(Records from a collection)

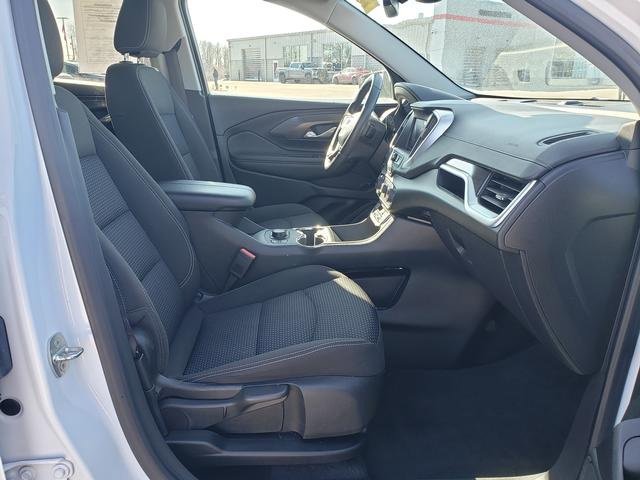 Used 2023 GMC Terrain SLE w/ Driver Convenience Package image 17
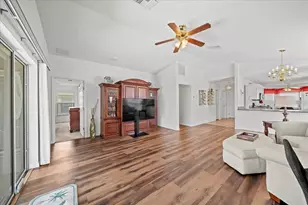 364 Lake Suzanne Dr, Lake Wales, FL 33859 - Photo 12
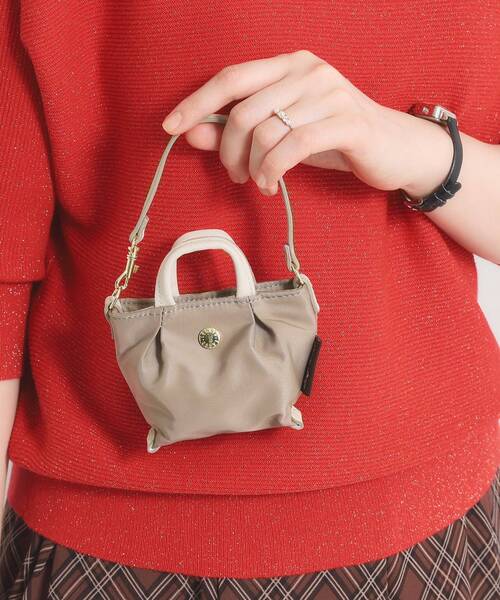 ITS'DEMO(イッツデモ)の「肩楽チャームバッグ(その他・レディース・マスタード/グレー/ダークブラウン/ワインレッド・00)」の3枚目の写真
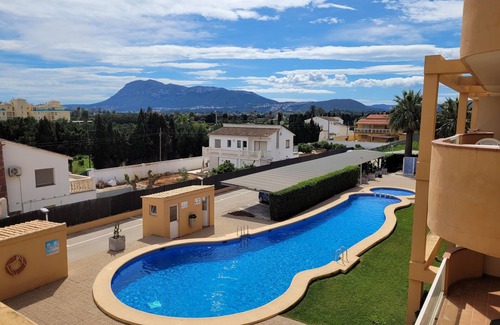 Denia Apartment | Modern apartment with pool that sleeps up to 3 people 400m from the sandy beach.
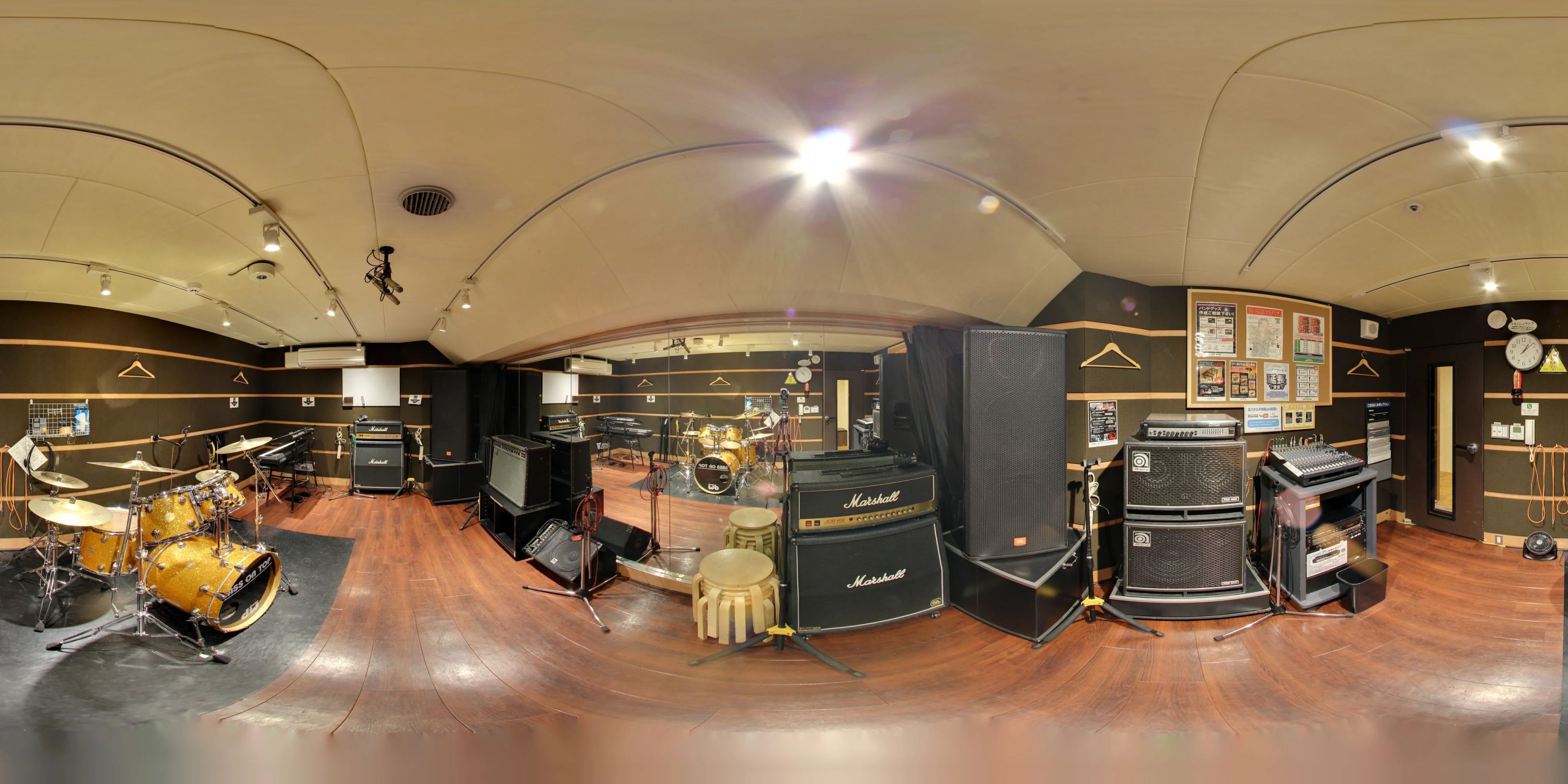 椿音楽教室 ギター ベースオントップ 池袋西口店のサムネイル画像 5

(TASK DETAILS): What you hand back should match the entries above exactly, except that no picture appears.

(RESPONSE TO THIS EXERCISE):
 Used 2023 GMC Terrain SLE w/ Driver Convenience Package image 17
 364 Lake Suzanne Dr, Lake Wales, FL 33859 - Photo 12
 ITS'DEMO(イッツデモ)の「肩楽チャームバッグ(その他・レディース・マスタード/グレー/ダークブラウン/ワインレッド・00)」の3枚目の写真
 Denia Apartment | Modern apartment with pool that sleeps up to 3 people 400m from the sandy beach.
 椿音楽教室 ギター ベースオントップ 池袋西口店のサムネイル画像 5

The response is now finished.